» GIVEN MATERIAL:
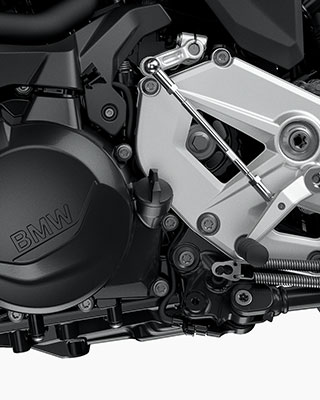 Le moteur de la F 900 R. C'est le cœur de la F 900 R et le garant de votre plaisir au guidon.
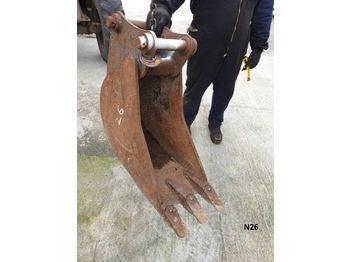 Cupă excavator YANMAR (CAZO- 30 CM DE ANCHO): Foto 1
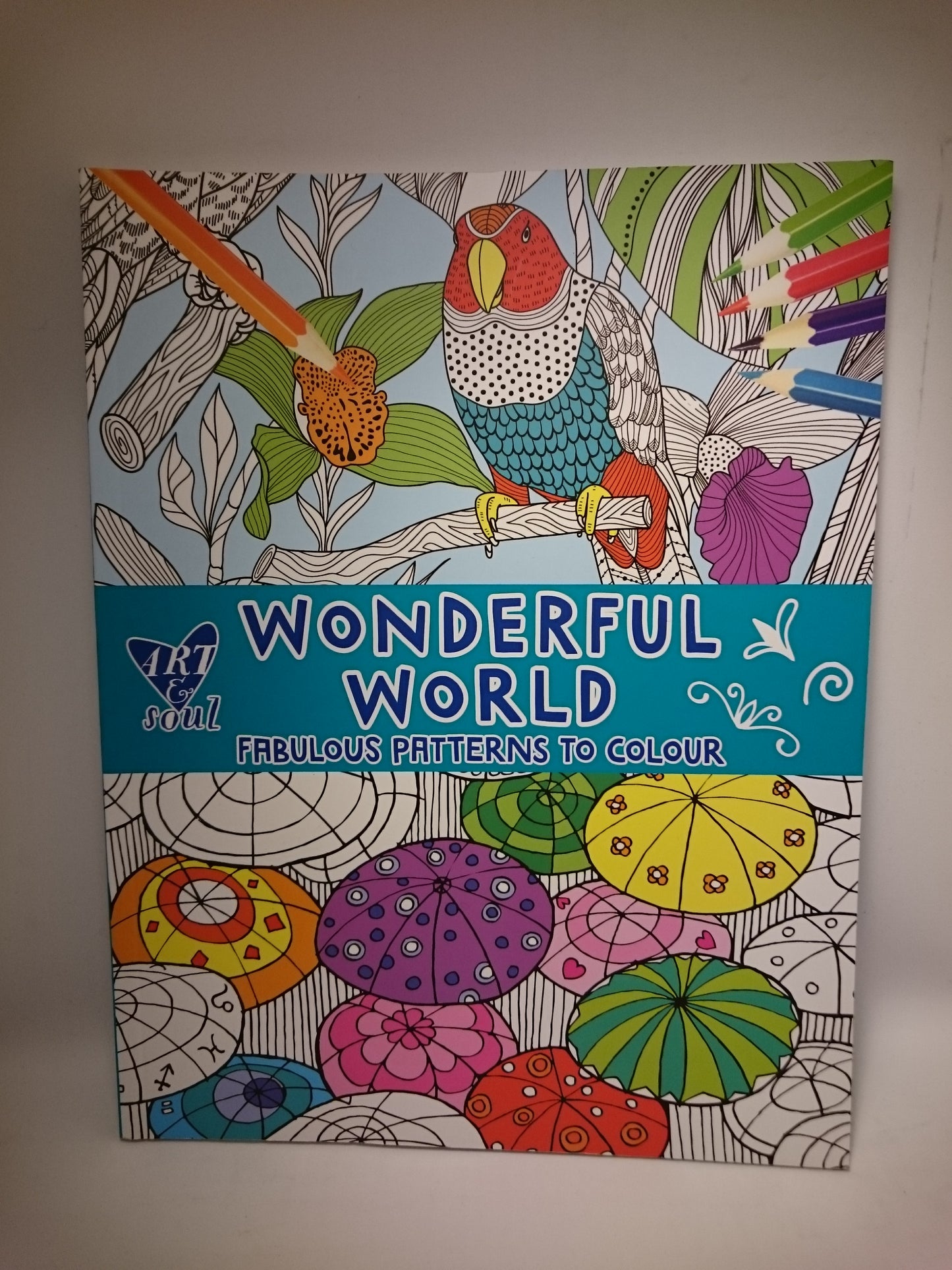Wonderful World Fabulous Patterns to Colour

» WORK INSTRUCTION: Retype the listing verbatim, minus every image.

» WRITTEN RESPONSE:
 Le moteur de la F 900 R. C'est le cœur de la F 900 R et le garant de votre plaisir au guidon.
 Cupă excavator YANMAR (CAZO- 30 CM DE ANCHO): Foto 1
Wonderful World Fabulous Patterns to Colour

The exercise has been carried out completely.